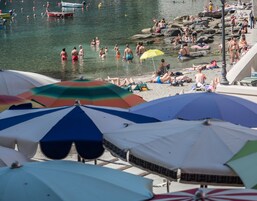 Ubicación cercana a la playa y buceo con tubo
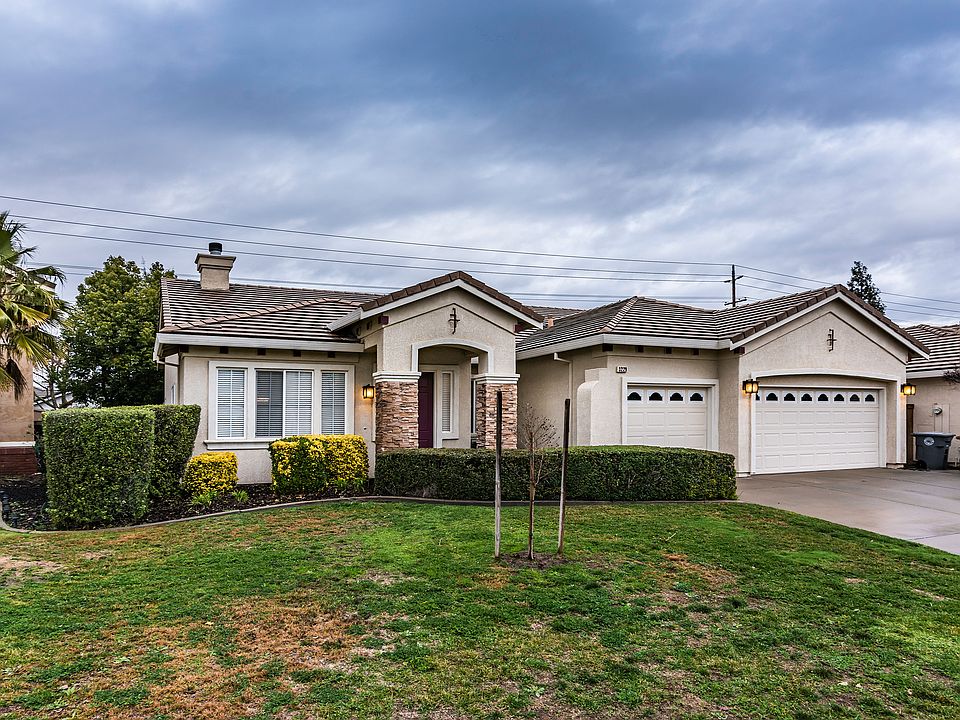 1st image of 3229 Yosemite Park Way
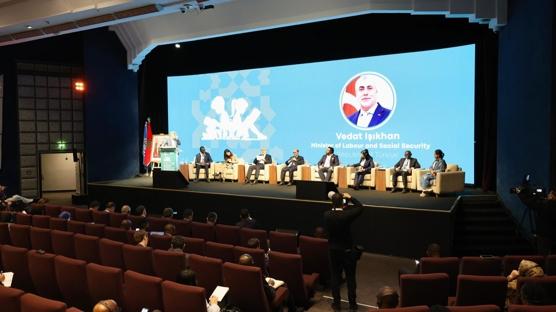 Marake�'te T�rkiye modeli vurgusu� Bakan I��khan: �ocuklar i�in ortak m�cadele �art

-------

_Task directions:_ An exact copy is needed of the lines running from the one with "1st image of 3229 Yosemite Park Way" through the end of the data above, and of those lines only, without pictures.

_Answer:_
 1st image of 3229 Yosemite Park Way
 Marake�'te T�rkiye modeli vurgusu� Bakan I��khan: �ocuklar i�in ortak m�cadele �art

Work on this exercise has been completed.